Monolithic stack places too many resources together. Changes become risky, testing time-consuming, and teams hesitant to modify anything. The blast radius encompasses everything.

Multi-environment stack manages all environments in one definition. Development changes can break production, and testing in isolation becomes impossible.

Copy-paste environments duplicate definitions for each environment. This leads to drift as updates aren’t propagated consistently.

graph LR
    subgraph "Multi-Environment Stack (Antipattern)"
        Stack[Single Stack Definition]
        Stack --> Dev[Dev Resources]
        Stack --> Test[Test Resources]
        Stack --> Prod[Prod Resources]
        Change[Change to Dev] -.->|Risk| Prod
    end

    subgraph "Reusable Stack Pattern"
        Template[Stack Template]
        Template -->|params: dev.tfvars| DevStack[Dev Stack Instance]
        Template -->|params: test.tfvars| TestStack[Test Stack Instance]
        Template -->|params: prod.tfvars| ProdStack[Prod Stack Instance]
    end

Stack Patterns

Application group stack collects related services owned by one team, aligning stack and team boundaries.

Service stack gives each service its own infrastructure definition, matching microservice architectures.

Micro stack decomposes further based on change frequency or operational characteristics.

Reusable stack uses a single parameterized definition for all environments. Production might specify larger instances while development uses smaller ones.

Configuration Patterns

flowchart TD
    subgraph "Configuration Flow"
        Code[Infrastructure Code]

        Vars[Environment Variables]
        Files[Config Files]
        Pipeline[CI/CD Pipeline]
        Registry[Parameter Registry]

        Vars --> Code
        Files --> Code
        Pipeline --> Code
        Registry --> Code

        Code --> Stack[Stack Instance]
    end

Manual parameters invite human error and block automation. Avoid typing values on command lines.

Stack environment variables provide programmatic configuration that integrates with CI/CD systems.

Stack configuration files externalize parameters into version-controlled artifacts, enabling review and history tracking.

Wrapper stacks treat infrastructure modules as libraries, with each environment importing and configuring shared components.

Pipeline parameters leverage CI/CD systems to manage configuration, though this creates pipeline dependencies.

Parameter registry centralizes configuration in systems like Consul or databases, adding flexibility but operational complexity.

Testing Infrastructure

Declarative definitions limit unit testing value—verifying that a template declares 2 CPUs merely restates the declaration. Integration testing provides real validation by provisioning resources and verifying behavior.

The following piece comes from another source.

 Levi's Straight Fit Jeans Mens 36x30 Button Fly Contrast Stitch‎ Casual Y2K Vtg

Focus integration tests on high-risk areas: security boundaries, data persistence, and external integrations. Balance thorough testing with feedback speed by carefully selecting what to test.

Operational Changes

Infrastructure as Code shifts operations from manual troubleshooting to software practices. Version control identifies recent changes, rollbacks restore known configurations, and test environments enable safe reproduction of issues.

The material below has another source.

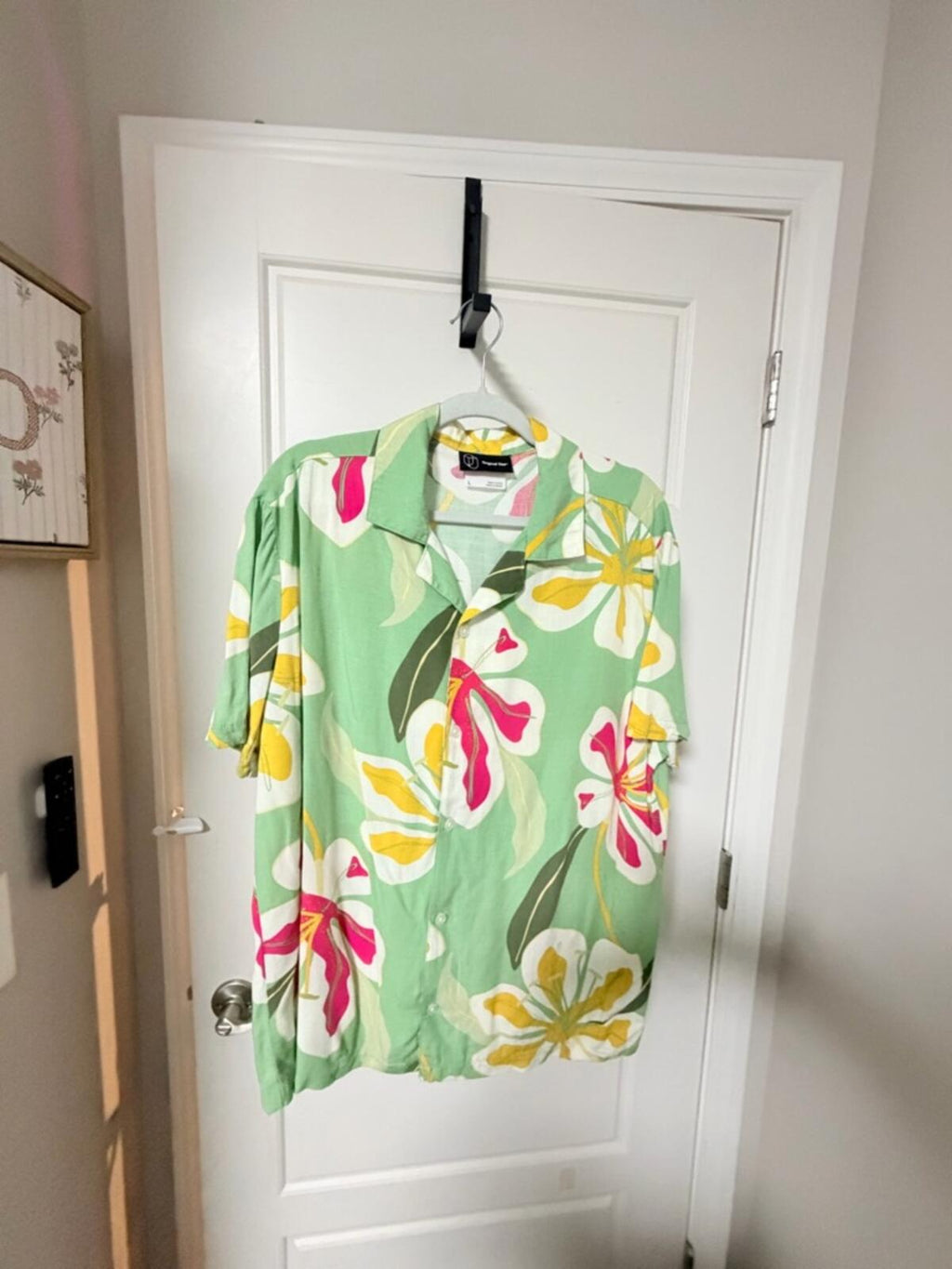 Original Use Mint Green Tropical Floral Button-Down Shirt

The infrastructure code becomes living documentation. Traditional runbooks give way to automated procedures, with comments and commit messages explaining architectural decisions.

Summary

Infrastructure as Code enables both speed and quality through systematic automation. Small, versioned, testable components provide manageable infrastructure. Choose patterns that separate concerns while avoiding unnecessary coupling or duplication. The practice transforms infrastructure management from manual processes to predictable, repeatable operations.